I recently read the theorem that in a commutative ring R with unity and X,Y two unital cyclic left R-modules, X is isomorphic to Y as R-modules iff for every $x\in X$ such that <x>=X and for every $y\in Y$ such that <y>=Y, we have $Ann_R(x)=Ann_R(y)$. I am trying to prove this theorem. I believe I have shown the forward direction: If X and Y are isomorphic, then <x> $\cong$<y> and since X and Y are unital R-modules, we also have Rx=<x>=<y>=Ry. Then there exists some isomorphism $\phi$ from Rx to Ry. I believe that this works:
To show that Y=<$\phi(x)$>, let $x_0 \in$<x>. Then $\exists r\in R$ such that $x_0=rx$. Since $\phi$ is an R-module homomorphism, $\phi(x_0)=\phi(r_0x)=r_0\phi(x)$, and without loss of generality we can let $\phi(x)$=y.

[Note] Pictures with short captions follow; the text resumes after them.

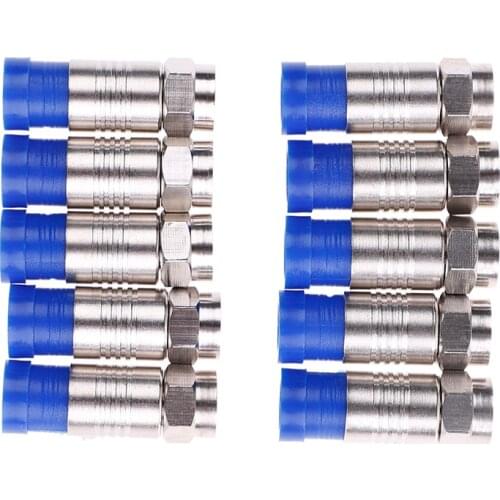 New 10Pcs F-Type Male Plug Compression Connectors For RG6 Coax Coaxial TV Cable HQ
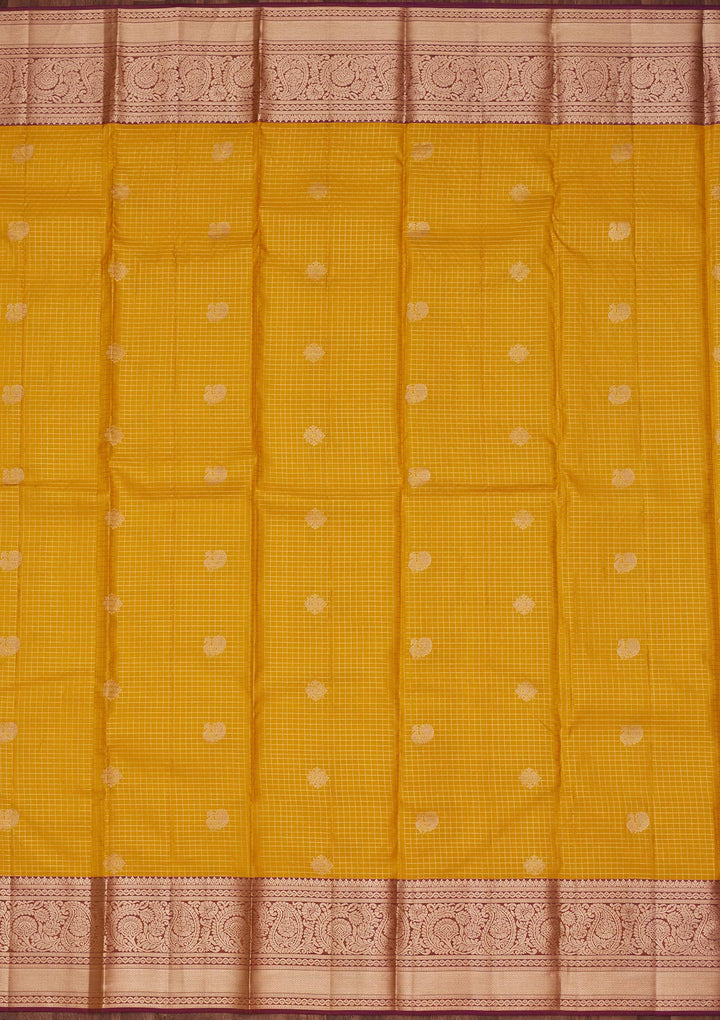 Yellow Silk Checks Saree With Matching Blouse Piece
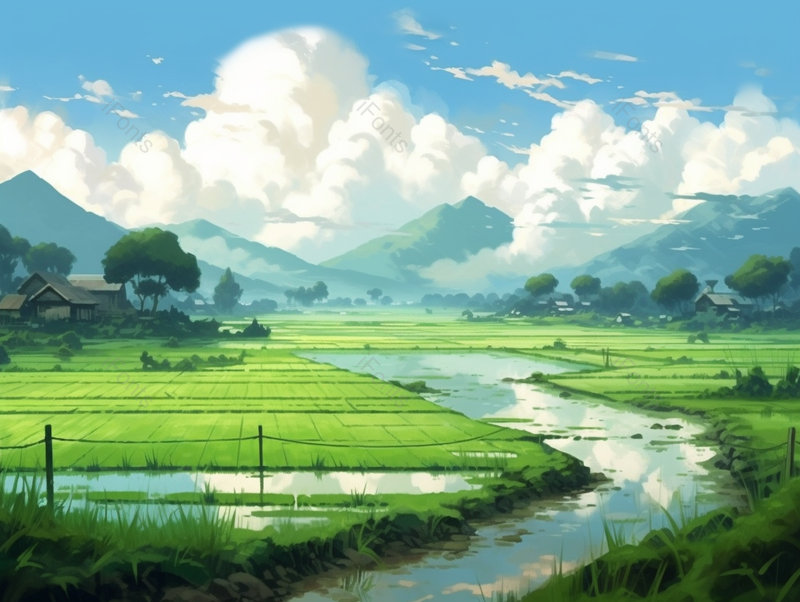 蓝色天空清新插画芒种背景,插画/手绘图,插画/手绘图库,插画/手绘图下载,插画/手绘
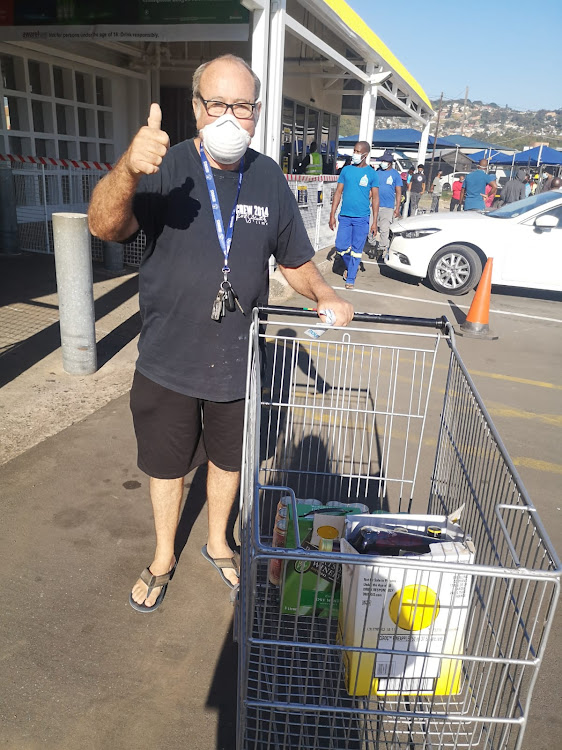 Errol Parkin was one of the first people to buy alcohol at Makro in Springfield, Durban, on Monday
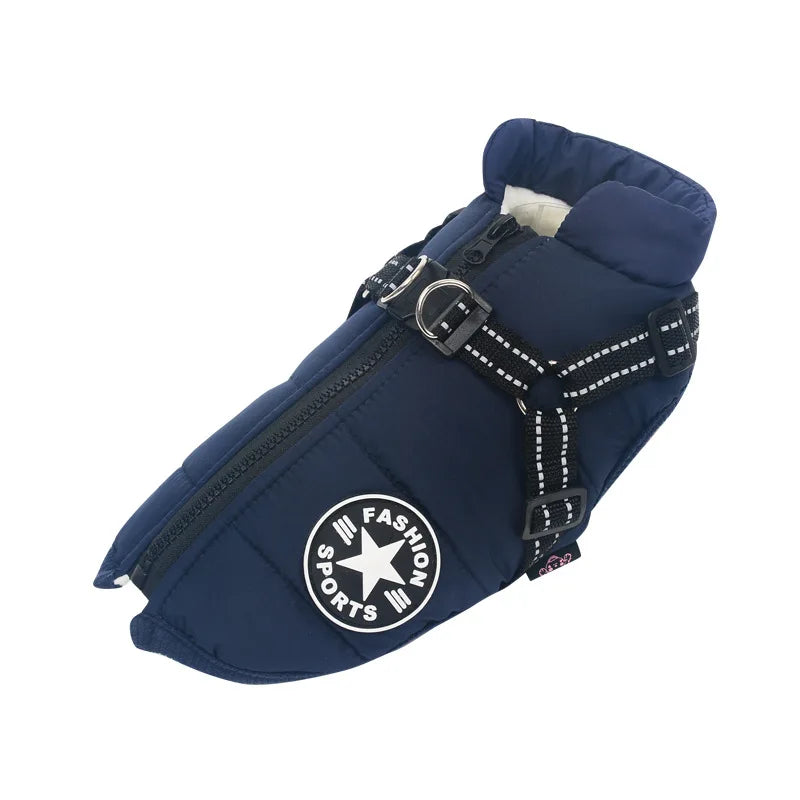 FanzyMarket waterproof winter dog jacket with built-in harness, fleece lining, and reflective features for small to large breeds.
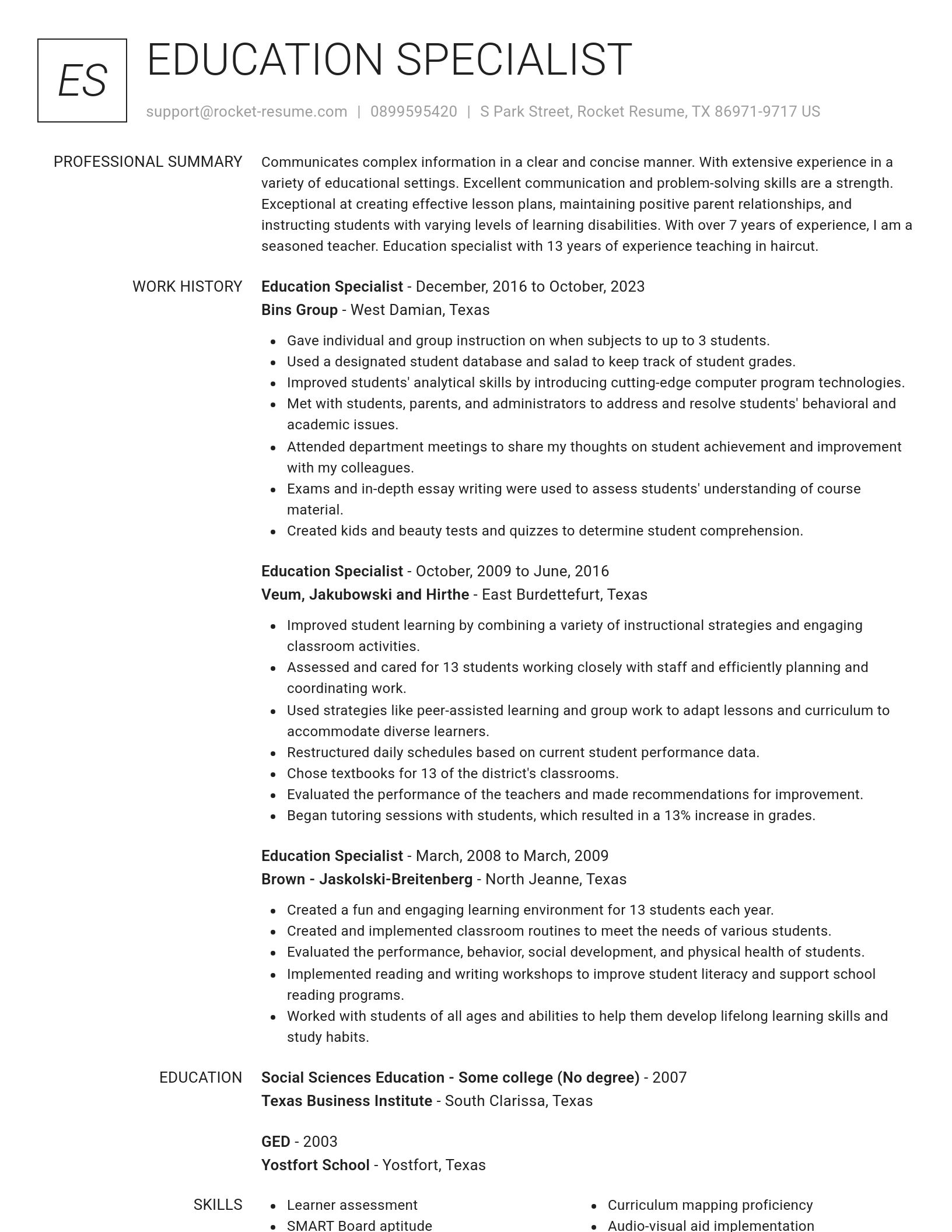 Renowned resume template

Then if $r\in Ann_R(x)$, rx=0, so we have $0=\phi(0)=\phi(rx)=r\phi(x)=ry$, and thus $r\in Ann_R(y)$. Just use $\phi^{-1}$ for the other direction.
My main question is how to get started showing the other direction. My attempt so far has been to define a map $\phi:$<x> $\rightarrow$ <y> by $\phi(rx)=ry$ for any $r\in R$. I believe it is straightforward to show that this is an R-module homomorphism. To show that $\phi$ is 1-1, I aimed to show that $ker(\phi)={\{0}\}$. To this end, I supposed that $x_0\in ker(\phi)$. Let $x_0=r_0x$ for some $r_0\in R$. Then $0=\phi(x_0)=r_0\phi(x)=r_0y$, so $r_0\in Ann_R(y)=Ann_R(x)$ by assumption, so $r_0x=0$, thus $x_0=0$. To show that $\phi$ is onto, let $y'\in Y$ be arbitrary. Let $r\in R$ be such that $y'=ry$, since <y>=Ry=Y. Then $\phi(rx)=r\phi(x)=ry$, so $\phi$ is onto. Thus $\phi$ is a bijection and an R-module homomorphism, so $\phi$ is an isomorphism of R-modules and thus X=<x>$\cong$<y>=Y. Am I on the right track with this, or have I gotten something completely wrong?
Any help would be greatly appreciated!